Pictures in the entries below are excluded; copy only the lines from the one containing "Подвеска из золота RUSGOLDART 3463710 1 1 1" to the one containing "Bài thơ ý nghĩa", both included.
*** RECORDS FOR THIS TASK ***
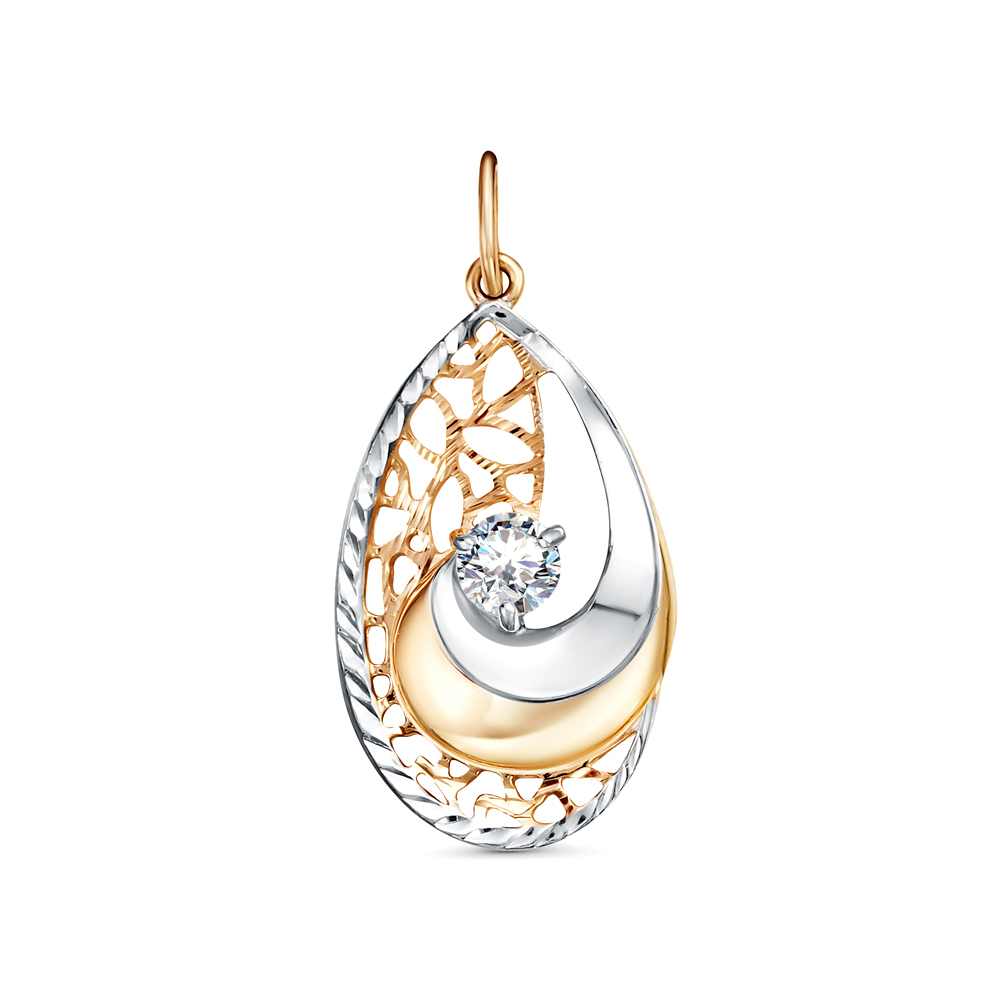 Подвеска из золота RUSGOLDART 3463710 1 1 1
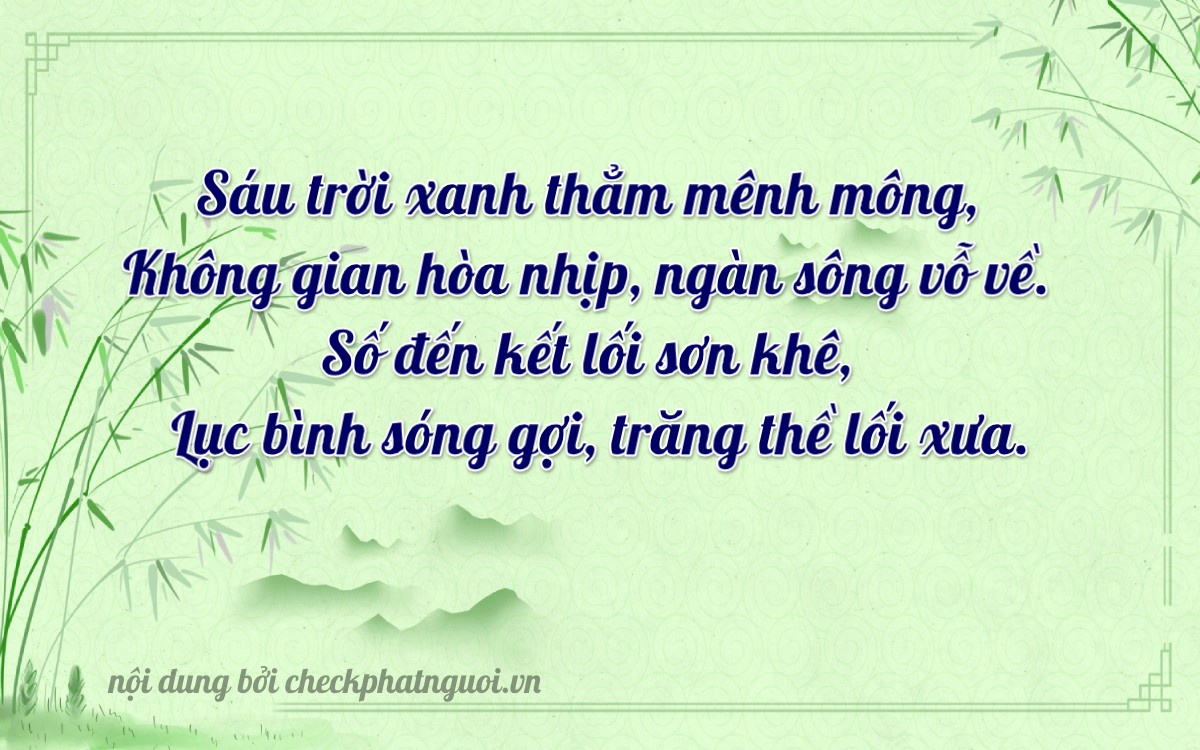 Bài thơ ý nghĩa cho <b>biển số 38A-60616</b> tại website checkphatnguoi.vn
*** End of RECORDS FOR THIS TASK ***
*** RECORDS FOR THIS TASK ***
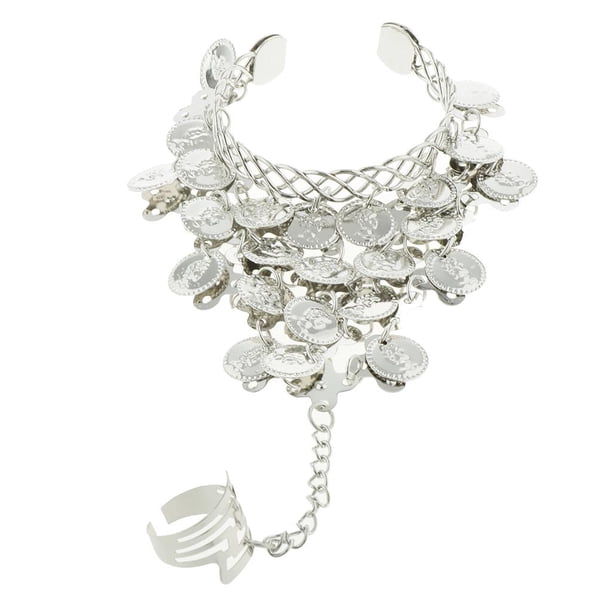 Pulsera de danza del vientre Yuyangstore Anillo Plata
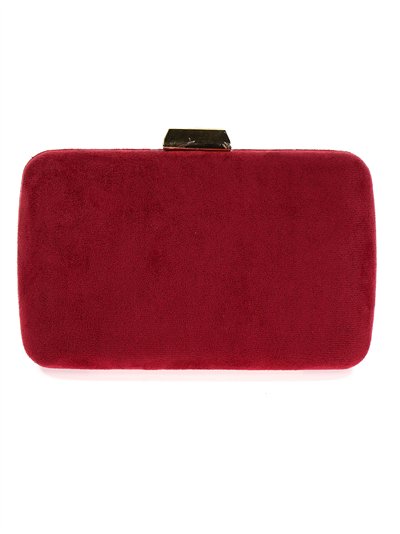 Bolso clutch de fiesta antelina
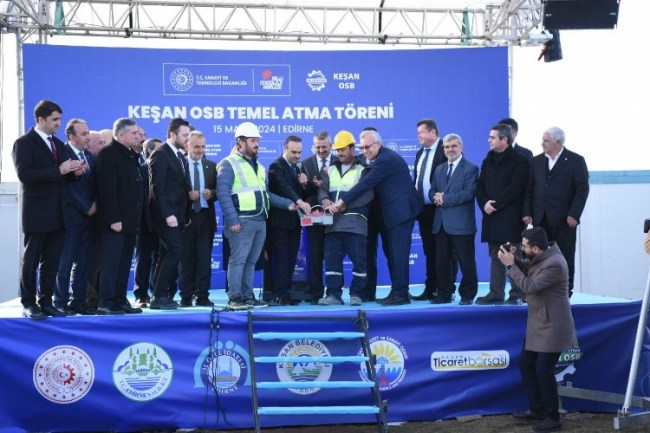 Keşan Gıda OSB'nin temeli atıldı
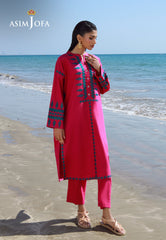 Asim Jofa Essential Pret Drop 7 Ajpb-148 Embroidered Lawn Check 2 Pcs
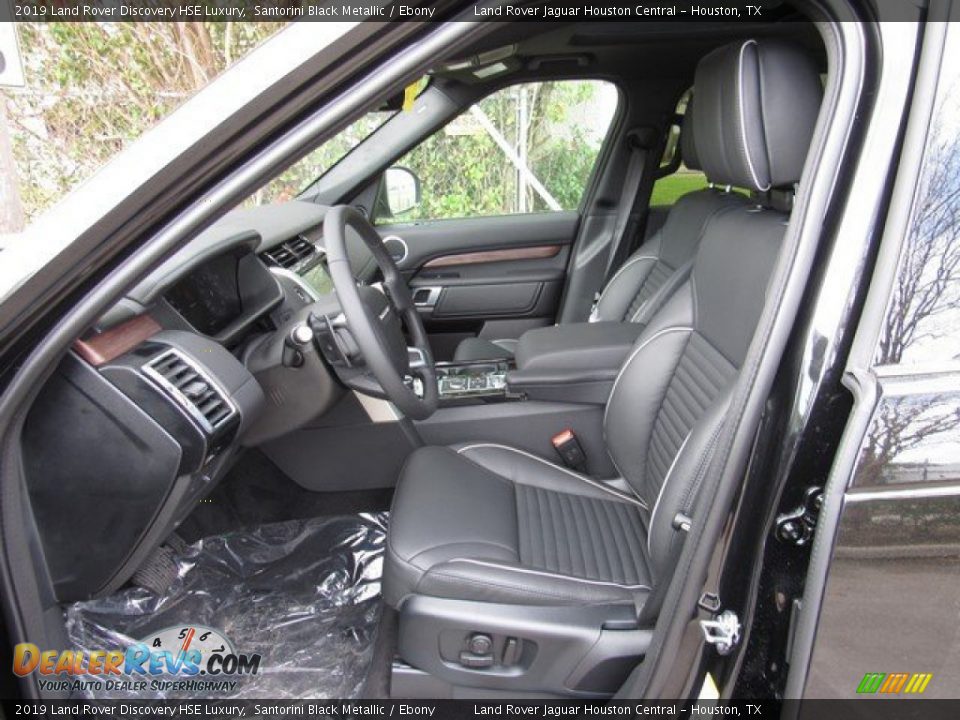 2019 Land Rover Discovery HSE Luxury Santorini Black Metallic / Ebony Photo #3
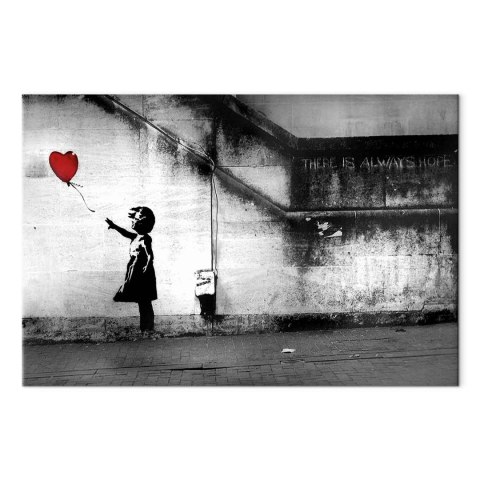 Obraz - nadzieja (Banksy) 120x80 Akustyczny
*** End of RECORDS FOR THIS TASK ***
*** RECORDS FOR THIS TASK ***
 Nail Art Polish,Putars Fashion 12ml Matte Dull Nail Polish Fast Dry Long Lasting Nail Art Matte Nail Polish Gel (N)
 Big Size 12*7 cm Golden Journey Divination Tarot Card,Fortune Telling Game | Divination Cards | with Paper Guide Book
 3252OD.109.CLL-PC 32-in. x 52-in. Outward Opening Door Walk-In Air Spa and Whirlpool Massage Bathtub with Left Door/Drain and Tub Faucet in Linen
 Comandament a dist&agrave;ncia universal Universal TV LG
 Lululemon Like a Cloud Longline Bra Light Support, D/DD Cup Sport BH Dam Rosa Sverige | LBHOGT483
*** End of RECORDS FOR THIS TASK ***
YOUR RESPONSE:
 Подвеска из золота RUSGOLDART 3463710 1 1 1
 Bài thơ ý nghĩa cho <b>biển số 38A-60616</b> tại website checkphatnguoi.vn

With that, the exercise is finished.